## What you will do
Print, exactly as written, every line from the first line of the records below through the line containing "- Dubai Apartment", and nothing further.

## Data for the task
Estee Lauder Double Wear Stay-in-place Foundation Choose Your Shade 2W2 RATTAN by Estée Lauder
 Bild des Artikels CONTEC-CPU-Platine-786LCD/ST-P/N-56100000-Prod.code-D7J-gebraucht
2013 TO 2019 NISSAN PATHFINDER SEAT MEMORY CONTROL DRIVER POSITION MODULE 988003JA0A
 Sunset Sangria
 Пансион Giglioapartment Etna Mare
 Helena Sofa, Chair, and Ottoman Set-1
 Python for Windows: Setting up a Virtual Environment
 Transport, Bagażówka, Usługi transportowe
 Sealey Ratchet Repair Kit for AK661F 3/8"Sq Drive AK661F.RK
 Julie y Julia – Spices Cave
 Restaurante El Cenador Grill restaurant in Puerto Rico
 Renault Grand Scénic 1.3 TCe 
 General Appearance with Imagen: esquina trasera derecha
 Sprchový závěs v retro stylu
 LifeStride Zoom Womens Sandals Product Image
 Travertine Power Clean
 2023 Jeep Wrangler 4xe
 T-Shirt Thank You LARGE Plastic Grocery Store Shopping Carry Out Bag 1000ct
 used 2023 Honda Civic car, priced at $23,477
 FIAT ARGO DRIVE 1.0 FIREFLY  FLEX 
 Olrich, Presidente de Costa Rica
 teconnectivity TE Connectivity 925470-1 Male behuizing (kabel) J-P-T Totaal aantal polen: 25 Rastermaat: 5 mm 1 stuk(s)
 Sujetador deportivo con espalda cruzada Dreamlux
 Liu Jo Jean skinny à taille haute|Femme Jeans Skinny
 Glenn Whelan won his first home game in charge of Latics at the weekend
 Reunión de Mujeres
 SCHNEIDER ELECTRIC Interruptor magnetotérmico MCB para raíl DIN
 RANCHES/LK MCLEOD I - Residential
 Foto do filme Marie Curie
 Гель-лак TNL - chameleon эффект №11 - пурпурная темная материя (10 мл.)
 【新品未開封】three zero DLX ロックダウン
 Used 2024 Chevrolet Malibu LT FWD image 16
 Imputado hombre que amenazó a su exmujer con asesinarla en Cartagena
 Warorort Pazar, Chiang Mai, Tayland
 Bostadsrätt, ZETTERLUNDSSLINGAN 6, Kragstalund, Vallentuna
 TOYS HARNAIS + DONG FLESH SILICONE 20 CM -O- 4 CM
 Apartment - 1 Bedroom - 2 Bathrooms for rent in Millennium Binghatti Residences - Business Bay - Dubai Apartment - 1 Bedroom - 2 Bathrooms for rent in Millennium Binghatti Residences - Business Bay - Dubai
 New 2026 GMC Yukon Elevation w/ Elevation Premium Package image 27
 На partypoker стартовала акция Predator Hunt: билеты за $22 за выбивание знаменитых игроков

## Task response
Estee Lauder Double Wear Stay-in-place Foundation Choose Your Shade 2W2 RATTAN by Estée Lauder
 Bild des Artikels CONTEC-CPU-Platine-786LCD/ST-P/N-56100000-Prod.code-D7J-gebraucht
2013 TO 2019 NISSAN PATHFINDER SEAT MEMORY CONTROL DRIVER POSITION MODULE 988003JA0A
 Sunset Sangria
 Пансион Giglioapartment Etna Mare
 Helena Sofa, Chair, and Ottoman Set-1
 Python for Windows: Setting up a Virtual Environment
 Transport, Bagażówka, Usługi transportowe
 Sealey Ratchet Repair Kit for AK661F 3/8"Sq Drive AK661F.RK
 Julie y Julia – Spices Cave
 Restaurante El Cenador Grill restaurant in Puerto Rico
 Renault Grand Scénic 1.3 TCe 
 General Appearance with Imagen: esquina trasera derecha
 Sprchový závěs v retro stylu
 LifeStride Zoom Womens Sandals Product Image
 Travertine Power Clean
 2023 Jeep Wrangler 4xe
 T-Shirt Thank You LARGE Plastic Grocery Store Shopping Carry Out Bag 1000ct
 used 2023 Honda Civic car, priced at $23,477
 FIAT ARGO DRIVE 1.0 FIREFLY  FLEX 
 Olrich, Presidente de Costa Rica
 teconnectivity TE Connectivity 925470-1 Male behuizing (kabel) J-P-T Totaal aantal polen: 25 Rastermaat: 5 mm 1 stuk(s)
 Sujetador deportivo con espalda cruzada Dreamlux
 Liu Jo Jean skinny à taille haute|Femme Jeans Skinny
 Glenn Whelan won his first home game in charge of Latics at the weekend
 Reunión de Mujeres
 SCHNEIDER ELECTRIC Interruptor magnetotérmico MCB para raíl DIN
 RANCHES/LK MCLEOD I - Residential
 Foto do filme Marie Curie
 Гель-лак TNL - chameleon эффект №11 - пурпурная темная материя (10 мл.)
 【新品未開封】three zero DLX ロックダウン
 Used 2024 Chevrolet Malibu LT FWD image 16
 Imputado hombre que amenazó a su exmujer con asesinarla en Cartagena
 Warorort Pazar, Chiang Mai, Tayland
 Bostadsrätt, ZETTERLUNDSSLINGAN 6, Kragstalund, Vallentuna
 TOYS HARNAIS + DONG FLESH SILICONE 20 CM -O- 4 CM
 Apartment - 1 Bedroom - 2 Bathrooms for rent in Millennium Binghatti Residences - Business Bay - Dubai Apartment - 1 Bedroom - 2 Bathrooms for rent in Millennium Binghatti Residences - Business Bay - Dubai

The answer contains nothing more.